Typically multiple statistical tests are performed to investigate the effectiveness of the intervention on each outcome. If two outcomes are analysed independently of each other at the nominal significance level of 0.05, then the probability of finding at least one false positive significant results increases to 0.098. This probability is known as the familywise error rate, ‘FWER’. One approach to control the FWER to its desired level is to adjust the
p-values corresponding to each statistical test used to investigate the intervention effects. Many adjustments have been proposed including the Bonferroni [
7], Holm [
8], Hochberg [
9], Hommel [
10] and Dubey/Armitage-Parmar [
11] methods. Once the
p-values have been adjusted, they can be compared to the nominal significance level. For example in the trial on substance abuse [
5], two unadjusted
p-values: 0.010,0.002 were reported. If the Bonferroni method was used, the p-values could have been adjusted to 0.020, 0.004 and compared to the significance level
α of 0.05. Alternatively, the significance level could be adjusted (to 0.05/2 = 0.025 in this example) and compared to the unadjusted
p-values.
In clinical trials, it is also important to consider the power of the tests to detect an intervention effect. In the context of multiple outcomes, the power of the study can be defined in a number of ways depending on the clinical objective of the trial: i) ‘disjunctive power’, ii) ‘conjunctive power’ or iii) ‘marginal power’ [
12].
The disjunctive power (or minimal power [
13]) is the probability of finding at least one true intervention effect across all of the outcomes [
12,
14]. The conjunctive power (or maximal power [
13]) is the probability of finding a true intervention effect on all outcomes [
14]. It may be noted that the disjunctive and conjunctive power have previously been referred to as ‘multiple’ and ‘complete’ power respectively [
13]. The marginal (or individual) power is the probability of finding a true intervention effect on a particular outcome and is calculated separately for each outcome. When the clinical objective is to detect an intervention effect for at least one of the outcomes the disjunctive power and marginal power are recommended whereas the conjunctive power is recommended when the clinical objective is to detect an intervention effect on all the outcomes [
12,
14]. In this paper, we are focusing on the former clinical objective and therefore we focus on disjunctive and marginal power.

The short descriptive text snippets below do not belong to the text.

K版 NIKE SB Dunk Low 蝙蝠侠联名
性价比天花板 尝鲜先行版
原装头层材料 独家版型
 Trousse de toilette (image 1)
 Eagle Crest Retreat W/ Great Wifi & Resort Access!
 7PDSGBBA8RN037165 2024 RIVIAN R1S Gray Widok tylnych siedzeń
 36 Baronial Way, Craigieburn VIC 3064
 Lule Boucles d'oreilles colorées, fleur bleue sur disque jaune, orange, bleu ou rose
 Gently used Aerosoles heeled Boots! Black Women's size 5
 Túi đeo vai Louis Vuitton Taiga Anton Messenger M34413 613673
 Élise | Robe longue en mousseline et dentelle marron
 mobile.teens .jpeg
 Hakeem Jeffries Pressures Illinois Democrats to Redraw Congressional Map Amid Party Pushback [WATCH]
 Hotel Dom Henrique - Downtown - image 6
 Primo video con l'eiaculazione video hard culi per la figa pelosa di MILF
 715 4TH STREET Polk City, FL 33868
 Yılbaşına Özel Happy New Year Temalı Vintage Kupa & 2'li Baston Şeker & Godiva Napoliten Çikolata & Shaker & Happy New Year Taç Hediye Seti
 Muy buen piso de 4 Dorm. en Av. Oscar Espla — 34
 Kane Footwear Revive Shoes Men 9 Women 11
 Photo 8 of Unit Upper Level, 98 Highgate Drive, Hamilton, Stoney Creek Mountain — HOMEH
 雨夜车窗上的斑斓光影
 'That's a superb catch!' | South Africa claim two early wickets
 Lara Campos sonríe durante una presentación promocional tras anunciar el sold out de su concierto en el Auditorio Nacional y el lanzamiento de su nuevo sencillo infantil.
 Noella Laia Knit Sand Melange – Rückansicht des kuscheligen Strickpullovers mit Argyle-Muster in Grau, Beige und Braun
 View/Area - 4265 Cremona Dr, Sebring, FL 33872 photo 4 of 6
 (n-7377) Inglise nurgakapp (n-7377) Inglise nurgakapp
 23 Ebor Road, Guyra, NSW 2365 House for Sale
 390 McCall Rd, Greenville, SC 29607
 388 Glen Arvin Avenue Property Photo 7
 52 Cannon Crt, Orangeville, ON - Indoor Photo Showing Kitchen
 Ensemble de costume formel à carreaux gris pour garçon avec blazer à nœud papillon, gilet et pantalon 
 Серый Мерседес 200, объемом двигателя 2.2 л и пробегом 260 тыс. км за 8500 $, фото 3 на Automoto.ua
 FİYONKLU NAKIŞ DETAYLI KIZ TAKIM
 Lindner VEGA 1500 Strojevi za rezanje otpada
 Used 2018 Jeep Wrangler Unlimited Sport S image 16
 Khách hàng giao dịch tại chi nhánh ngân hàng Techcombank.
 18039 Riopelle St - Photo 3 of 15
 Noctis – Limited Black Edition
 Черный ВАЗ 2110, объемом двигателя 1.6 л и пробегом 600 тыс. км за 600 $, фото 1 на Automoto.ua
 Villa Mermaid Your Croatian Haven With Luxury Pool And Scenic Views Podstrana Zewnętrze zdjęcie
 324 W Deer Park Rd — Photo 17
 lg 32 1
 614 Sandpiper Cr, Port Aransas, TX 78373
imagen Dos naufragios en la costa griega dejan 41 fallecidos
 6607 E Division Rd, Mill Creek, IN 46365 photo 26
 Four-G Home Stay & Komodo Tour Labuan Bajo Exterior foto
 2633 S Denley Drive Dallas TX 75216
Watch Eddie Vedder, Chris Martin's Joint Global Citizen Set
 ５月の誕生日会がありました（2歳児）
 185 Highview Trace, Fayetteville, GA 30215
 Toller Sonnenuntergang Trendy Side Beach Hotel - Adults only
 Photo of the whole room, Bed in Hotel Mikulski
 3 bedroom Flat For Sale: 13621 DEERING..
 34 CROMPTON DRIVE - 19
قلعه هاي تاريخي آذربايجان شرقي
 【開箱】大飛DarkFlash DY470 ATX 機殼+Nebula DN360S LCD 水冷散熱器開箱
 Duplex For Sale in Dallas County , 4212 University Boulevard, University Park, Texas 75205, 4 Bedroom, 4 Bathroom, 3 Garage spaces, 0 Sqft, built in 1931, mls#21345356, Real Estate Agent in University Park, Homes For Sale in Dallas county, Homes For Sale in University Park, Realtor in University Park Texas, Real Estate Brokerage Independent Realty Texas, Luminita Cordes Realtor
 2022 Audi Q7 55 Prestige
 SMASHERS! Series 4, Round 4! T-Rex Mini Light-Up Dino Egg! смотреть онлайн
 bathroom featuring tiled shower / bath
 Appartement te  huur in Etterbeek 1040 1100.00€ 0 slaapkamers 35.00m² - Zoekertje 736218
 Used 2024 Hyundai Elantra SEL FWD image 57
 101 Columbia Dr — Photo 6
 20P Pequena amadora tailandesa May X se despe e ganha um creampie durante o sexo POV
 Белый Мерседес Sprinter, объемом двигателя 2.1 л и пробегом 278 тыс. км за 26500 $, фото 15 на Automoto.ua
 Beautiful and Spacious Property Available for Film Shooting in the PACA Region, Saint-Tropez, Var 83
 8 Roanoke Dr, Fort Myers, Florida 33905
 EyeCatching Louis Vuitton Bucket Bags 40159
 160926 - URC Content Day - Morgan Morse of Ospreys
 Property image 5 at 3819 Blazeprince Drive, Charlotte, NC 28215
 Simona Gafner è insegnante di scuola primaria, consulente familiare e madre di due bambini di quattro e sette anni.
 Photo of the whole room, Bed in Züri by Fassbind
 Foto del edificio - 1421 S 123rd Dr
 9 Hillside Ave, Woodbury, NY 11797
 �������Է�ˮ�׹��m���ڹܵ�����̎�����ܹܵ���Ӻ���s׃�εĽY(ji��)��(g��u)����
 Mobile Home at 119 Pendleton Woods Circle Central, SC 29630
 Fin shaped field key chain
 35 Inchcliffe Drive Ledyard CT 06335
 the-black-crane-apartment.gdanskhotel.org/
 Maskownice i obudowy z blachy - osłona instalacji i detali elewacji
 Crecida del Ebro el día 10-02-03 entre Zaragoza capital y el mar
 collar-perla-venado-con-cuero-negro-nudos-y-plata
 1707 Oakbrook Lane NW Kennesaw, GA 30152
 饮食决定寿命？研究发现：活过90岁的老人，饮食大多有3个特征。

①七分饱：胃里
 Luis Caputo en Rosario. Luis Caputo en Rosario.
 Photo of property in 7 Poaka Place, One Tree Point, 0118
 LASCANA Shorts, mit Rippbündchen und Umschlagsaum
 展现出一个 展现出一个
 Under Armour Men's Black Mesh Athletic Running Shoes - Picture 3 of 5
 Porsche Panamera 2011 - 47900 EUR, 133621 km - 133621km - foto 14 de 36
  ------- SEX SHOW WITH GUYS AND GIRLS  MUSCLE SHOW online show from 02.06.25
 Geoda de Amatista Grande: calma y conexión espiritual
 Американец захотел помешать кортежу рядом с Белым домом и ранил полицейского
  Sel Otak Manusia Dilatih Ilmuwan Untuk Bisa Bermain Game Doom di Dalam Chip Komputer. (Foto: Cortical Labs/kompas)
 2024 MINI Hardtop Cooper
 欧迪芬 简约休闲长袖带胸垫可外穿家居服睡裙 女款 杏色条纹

The power requirements of a trial should match the clinical objective which needs to be pre-specified when designing the study and the sample size calculation should be performed accordingly. In current practice, the sample size calculations for trials often focus on the marginal power for each outcome. An approach that has been recommended and is often used in trials is to calculate the sample size separately for each of the primary outcomes by applying a Bonferroni correction to adjust the significance level [
15]. The largest value of the sample size is then considered as the final sample size for the trial [
16].
Missing outcome data are common in RCTs [
17] which will inevitably reduce the power and efficiency of the study [
18] which may result in failure to detect true intervention effects as statistically significant.
When using multiple primary outcomes, there is limited guidance as to which method(s) should be used to take account of multiplicity in the sample size calculation and during the statistical analysis.
Some studies have compared a selection of methods which adjust
p-values to account for multiplicity to handle multiple outcomes in trials. Sankoh, Huque and Dubey [
11] compare a selection of adjustment methods for statistical analysis in terms of FWER but they do not evaluate the methods with respect to the power obtained. Blakesley et al. discuss both FWER and power requirements for selected methods for a large number of outcomes with varying degrees of correlation [
19]. Lafaye de Micheaux provide formulae to calculate the power and sample size for multiple outcomes [
20] which require several assumptions to be made about the outcomes, including normality and whether the covariance matrix between the outcomes is known or not. They discuss global testing procedures, including the Hotelling T
2 method. None of these studies have investigated the adjustment methods in the presence of missing data.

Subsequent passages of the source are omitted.